Exercise description: Repeat only the lines below from the one that contains "Witte T-shirt met" through the final line, exactly. Omit pictures.

(Short web captions)

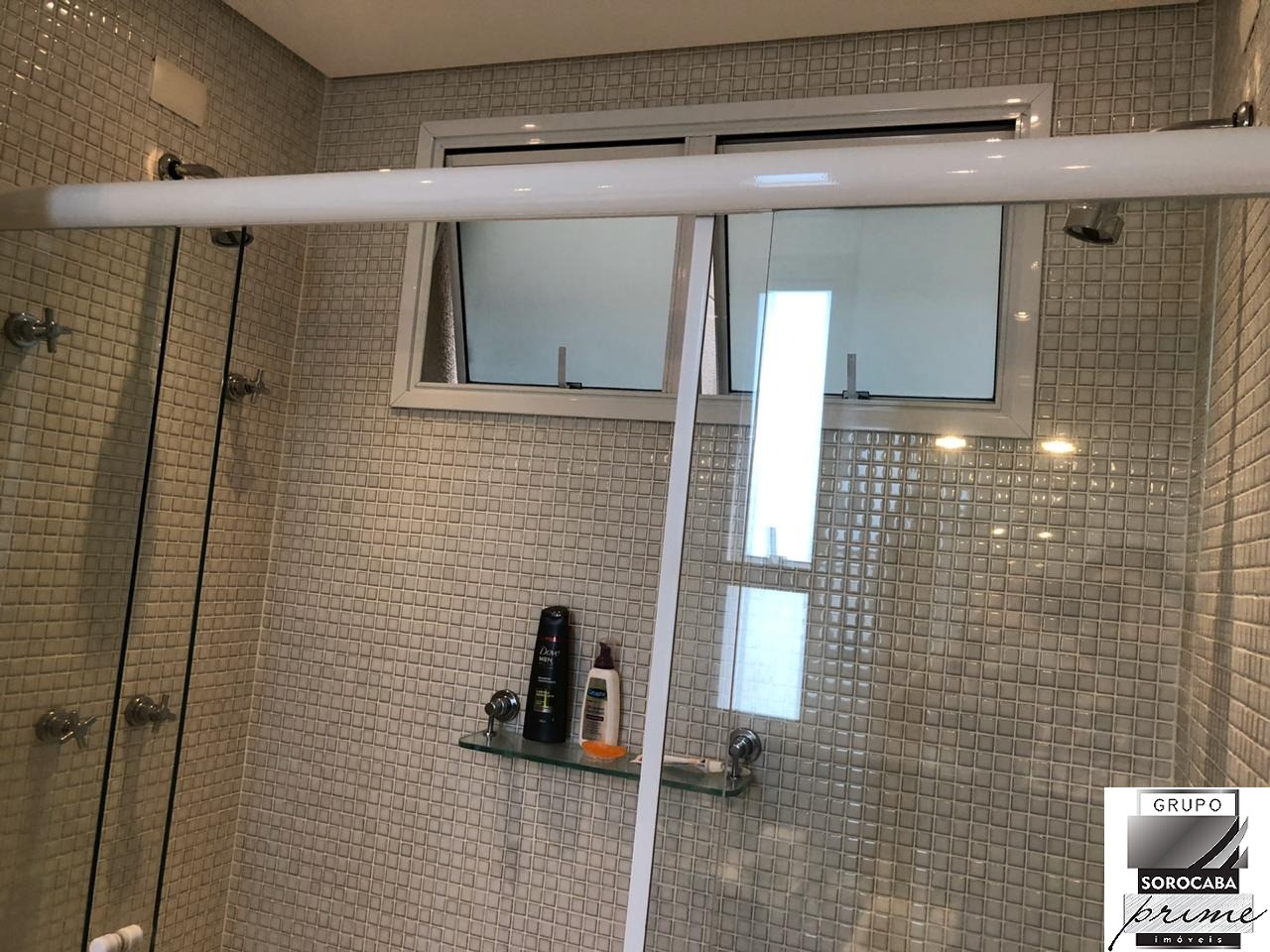 Apartamento com 3 dormitórios à venda, 136 m² por R$ 1.000.0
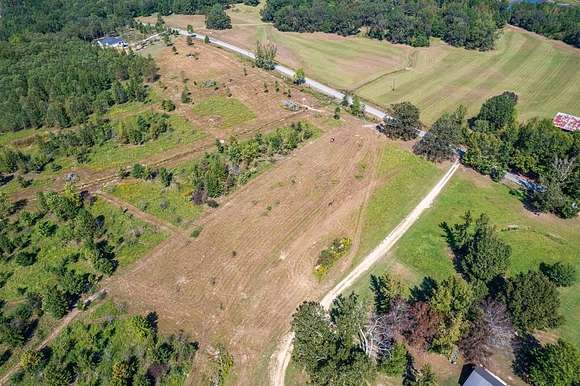 10 Acres of Land for Sale in Oxford, Mississippi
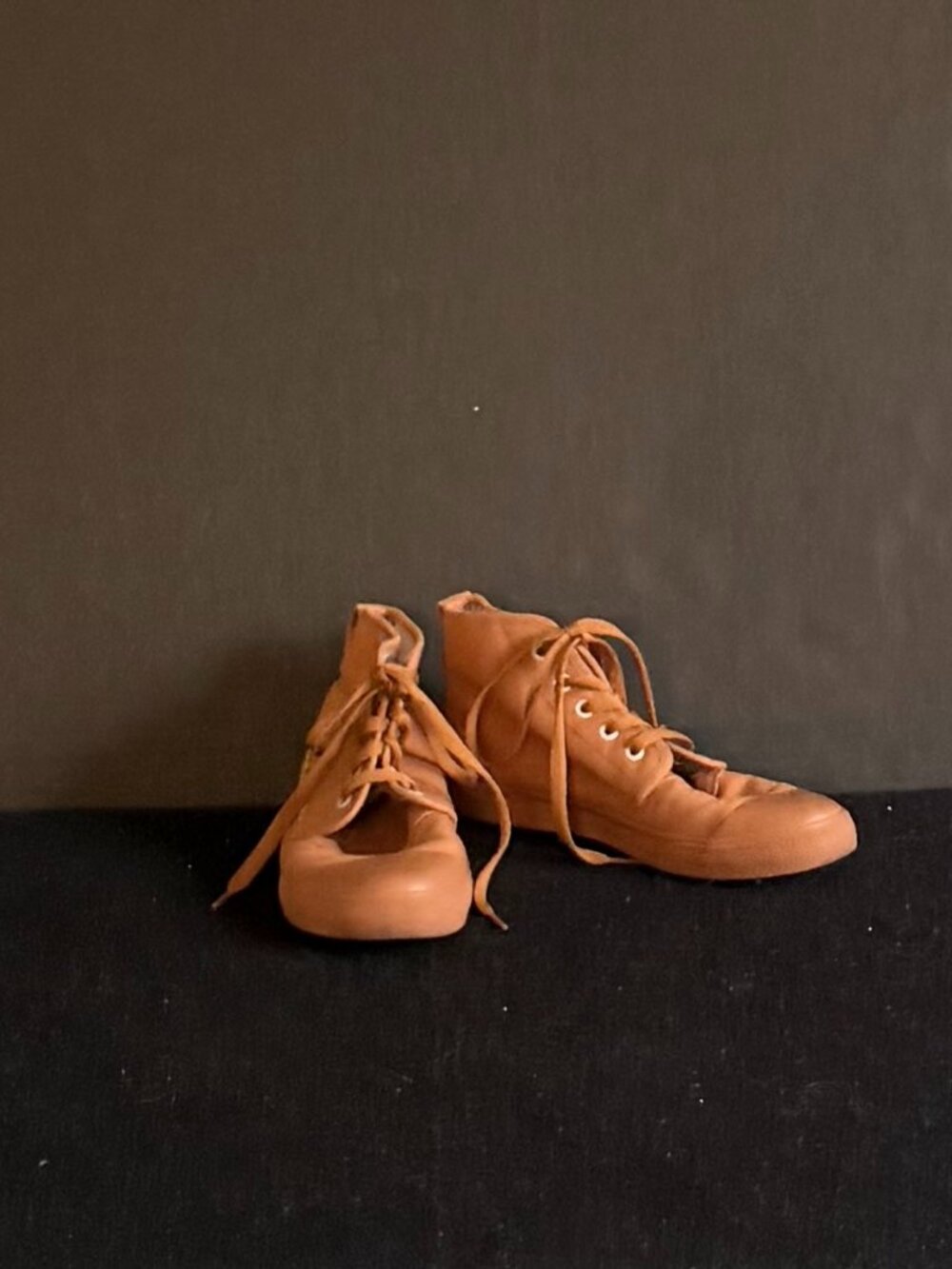 BANGS Mens/Womens Camel-Colored Embroidered Canvas High Top Sneakers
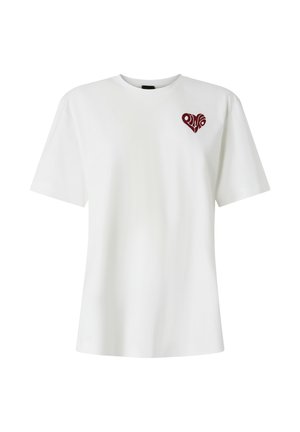 Witte T-shirt met korte mouwen, ronde hals en een kleine rood hartvormige afbeelding op de linkerborst.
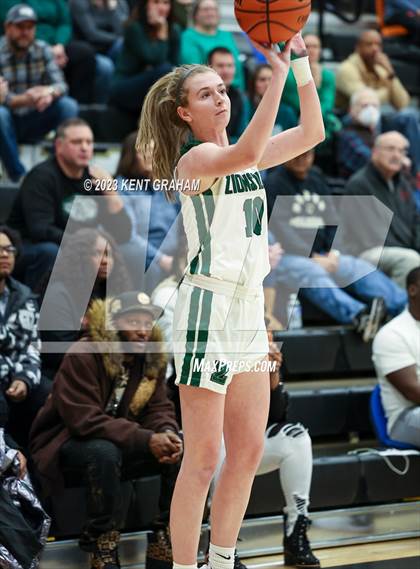 Thumbnail 1 in Westfield vs Zionsville (IHSAA  4A Sectional Round 1) photogallery.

Written solution:
 Witte T-shirt met korte mouwen, ronde hals en een kleine rood hartvormige afbeelding op de linkerborst.
 Thumbnail 1 in Westfield vs Zionsville (IHSAA  4A Sectional Round 1) photogallery.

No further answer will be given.